## [What the task requires]
Give exactly the lines from the one with "パノラミックビューモニター付" through the final line of the listing below, both included, leaving out any pictures.
Materials provided START
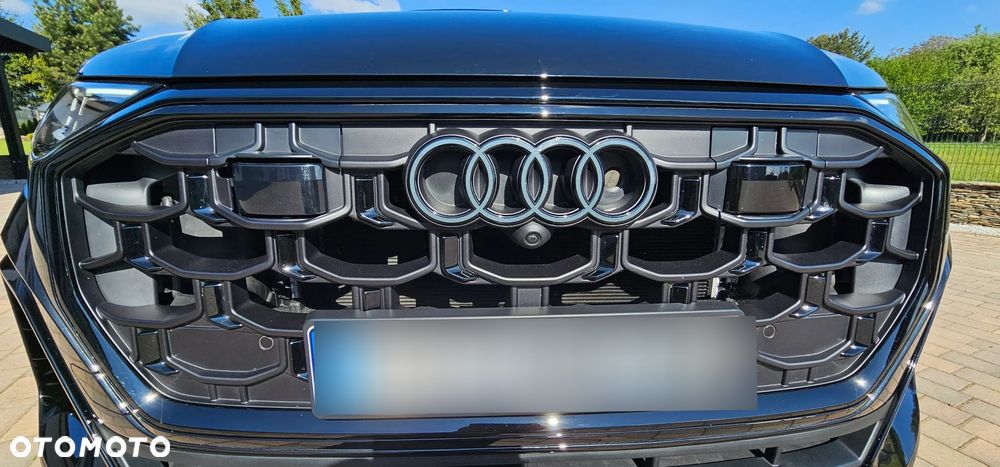Audi SQ8 - 16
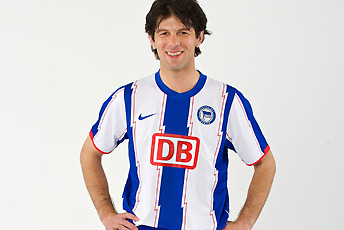 2010_Hertha_Berlin_Shirt.jpg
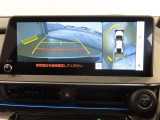 パノラミックビューモニター付きです。車両を上から見たような映像をディスプレイオーディオ画面に表示。運転席からの目視だけでは見にくい、車両周辺の状況をリアルタイムでしっかり確認できます。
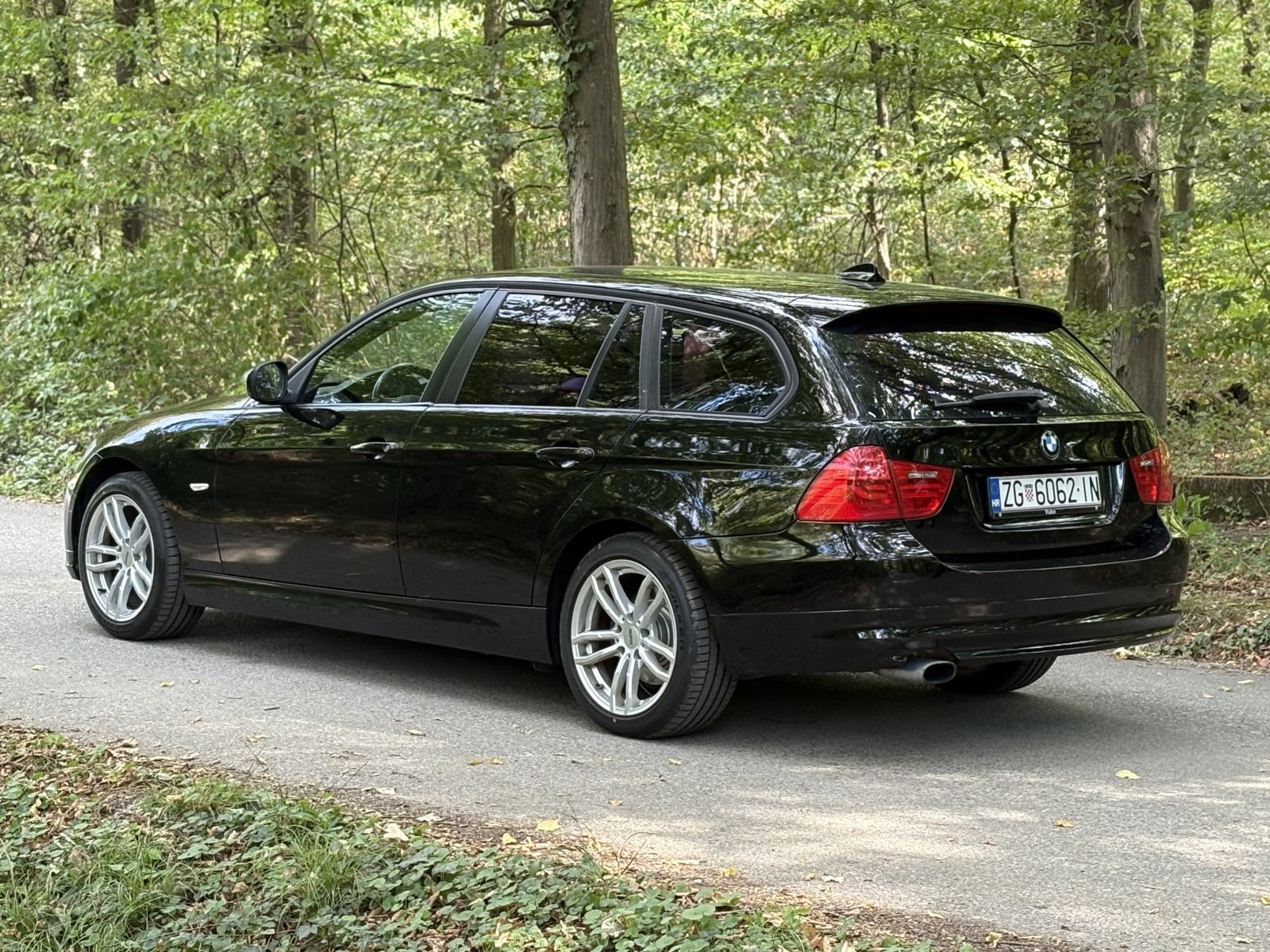 BMW serija 3 320d Tipke na volanu, Grijana sjedala, Dvozonska klima, fotografija 6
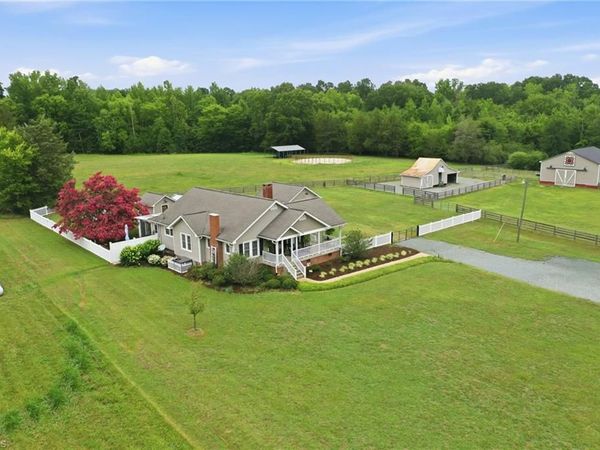 6673 S NC Highway 62 , Burlington, NC 27215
Materials provided END
## [Response]
 パノラミックビューモニター付きです。車両を上から見たような映像をディスプレイオーディオ画面に表示。運転席からの目視だけでは見にくい、車両周辺の状況をリアルタイムでしっかり確認できます。
 BMW serija 3 320d Tipke na volanu, Grijana sjedala, Dvozonska klima, fotografija 6
 6673 S NC Highway 62 , Burlington, NC 27215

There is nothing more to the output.